Davalı vekili cevap dilekçesinde özetle; Somut olayda kanunun aramış olduğu şartlar da gözetilerek elektronik posta yoluyla karşılıklı olarak icap-kabul beyanları üzerinde konsensüs sağlandığı ve sözleşme kurulduğunu, davacı ile üzerinde mutabık kalınan davacının özel istekleri doğrultusunda üretilen dava konusu olan ürünün davacıya teslime hazır hale getirildiğini, dava konusu ürünün üretiminde ve tesliminde sözleşmeye aykırılık teşkil edecek bir durumun bulunmadığını, anlaşmaya göre davacı tarafın istekleri doğrultusunda kişiye özel olarak tasarlanıp üretilen sipariş konusu ürünün imalatının tamamlandığını ve —– ile davacıya gönderildiğini, ancak ürünün sözleşmeye aykırı şekilde üretildiği iddiasıyla iade edildiğini, üretilen ve davacıya teslim edilen ürünün yapılan anlaşmaya uygun olarak üretildiğini, özen ve sadakat yükümlülüğüne uygun davranıldığını, kararlaştırılan zamanda davacıya teslim edildiğini sözleşmeye konu olan ürünün kişiye özel tasarlanıp özel üretim olduğunu bu nedenle başka bir kişiye pazarlanma ya da başka bir imalatta kullanma vs. durumunun söz konusu olmadığını, davacının eseri almaktan vazgeçmesi halinde ürünün başka bir şekilde değerlendirilmesi durumu olmayacağından asıl zarara davalının uğrayacağını, davacının haklı bir sebebi olmaksızın ürün tesliminden kaçınarak alacaklı temerrüdüne düştüğünü, davacının kişilik haklarının ihlal edilmediğini, açıklanan nedenlerle davanın reddine, haksız yere dava açılmasına sebebiyet verdiği için davacı taraf aleyhine davaya konu alacağın %10’u oranında sözleşmesel vekalet ücretine ve —– disiplin para cezasına hükmedilmesine, yargılama giderleri ve vekalet ücretinin davacı üzerinde bırakılmasına karar verilmesini talep etmiştir.
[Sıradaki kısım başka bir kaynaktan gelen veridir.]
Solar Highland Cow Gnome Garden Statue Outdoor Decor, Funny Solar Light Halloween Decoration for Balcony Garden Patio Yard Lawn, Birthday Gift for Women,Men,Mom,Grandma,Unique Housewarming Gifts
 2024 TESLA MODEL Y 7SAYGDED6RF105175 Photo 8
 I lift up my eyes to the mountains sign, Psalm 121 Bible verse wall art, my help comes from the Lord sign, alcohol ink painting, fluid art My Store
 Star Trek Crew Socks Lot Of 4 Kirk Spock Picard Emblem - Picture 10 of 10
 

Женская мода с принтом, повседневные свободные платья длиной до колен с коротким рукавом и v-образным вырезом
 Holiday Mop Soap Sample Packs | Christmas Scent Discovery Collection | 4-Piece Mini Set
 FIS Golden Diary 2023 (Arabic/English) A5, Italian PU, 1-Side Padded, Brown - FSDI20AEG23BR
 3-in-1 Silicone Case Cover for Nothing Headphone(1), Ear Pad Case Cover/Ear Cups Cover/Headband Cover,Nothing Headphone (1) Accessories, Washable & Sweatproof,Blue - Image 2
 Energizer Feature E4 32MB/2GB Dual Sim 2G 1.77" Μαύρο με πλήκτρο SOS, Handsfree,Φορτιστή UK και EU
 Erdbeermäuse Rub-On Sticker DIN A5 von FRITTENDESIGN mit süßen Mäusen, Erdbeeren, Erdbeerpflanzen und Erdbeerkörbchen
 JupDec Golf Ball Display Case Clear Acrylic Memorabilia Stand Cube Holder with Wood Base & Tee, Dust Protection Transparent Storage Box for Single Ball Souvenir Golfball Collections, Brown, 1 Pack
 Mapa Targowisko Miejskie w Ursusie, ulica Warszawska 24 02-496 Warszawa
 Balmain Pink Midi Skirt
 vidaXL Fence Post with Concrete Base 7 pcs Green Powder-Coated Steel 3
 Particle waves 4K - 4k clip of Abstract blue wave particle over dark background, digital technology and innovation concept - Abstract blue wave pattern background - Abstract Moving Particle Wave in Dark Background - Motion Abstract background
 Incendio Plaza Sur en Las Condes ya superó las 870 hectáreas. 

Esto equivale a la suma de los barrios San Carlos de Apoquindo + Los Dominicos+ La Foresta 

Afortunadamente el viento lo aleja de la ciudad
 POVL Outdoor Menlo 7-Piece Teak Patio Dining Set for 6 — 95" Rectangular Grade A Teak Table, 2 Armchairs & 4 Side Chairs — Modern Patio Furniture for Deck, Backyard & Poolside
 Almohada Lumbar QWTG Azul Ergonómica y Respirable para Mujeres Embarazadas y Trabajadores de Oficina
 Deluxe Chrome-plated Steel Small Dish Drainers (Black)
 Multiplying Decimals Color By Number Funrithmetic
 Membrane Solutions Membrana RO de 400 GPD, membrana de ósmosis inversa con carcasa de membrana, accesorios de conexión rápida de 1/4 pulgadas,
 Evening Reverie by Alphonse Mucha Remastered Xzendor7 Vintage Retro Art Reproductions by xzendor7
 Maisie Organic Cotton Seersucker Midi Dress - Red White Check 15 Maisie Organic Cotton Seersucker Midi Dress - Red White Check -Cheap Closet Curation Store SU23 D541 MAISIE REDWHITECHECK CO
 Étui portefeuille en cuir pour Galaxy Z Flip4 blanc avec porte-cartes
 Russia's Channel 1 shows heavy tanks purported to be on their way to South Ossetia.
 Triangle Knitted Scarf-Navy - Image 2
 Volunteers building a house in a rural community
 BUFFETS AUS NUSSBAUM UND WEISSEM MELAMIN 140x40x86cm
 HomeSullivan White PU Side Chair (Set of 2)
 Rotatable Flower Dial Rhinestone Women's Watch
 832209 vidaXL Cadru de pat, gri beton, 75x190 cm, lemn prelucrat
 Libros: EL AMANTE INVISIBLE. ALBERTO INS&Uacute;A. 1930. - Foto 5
DELİLLERİN DEĞERLENDİRİLMESİ VE GEREKÇE:
Dava hukuki niteliği itibariyle; davacının dava dışı —– yapılan ihale sonucu fiyat teklifi ile üstlendiği mal teslimine ilişkin edimleri davalıya yaptırma talebi sonrası, davalının anlaşmaya uygun olarak gerekli özelliklere sahip, teknik şartnameye uygun olarak mal teslimini yapmaması nedeniyle davacı tarafından ödenen bedelin iadesi, mahrum kalınan kar ve manevi zararın giderilmesi istemli alacak davasıdır.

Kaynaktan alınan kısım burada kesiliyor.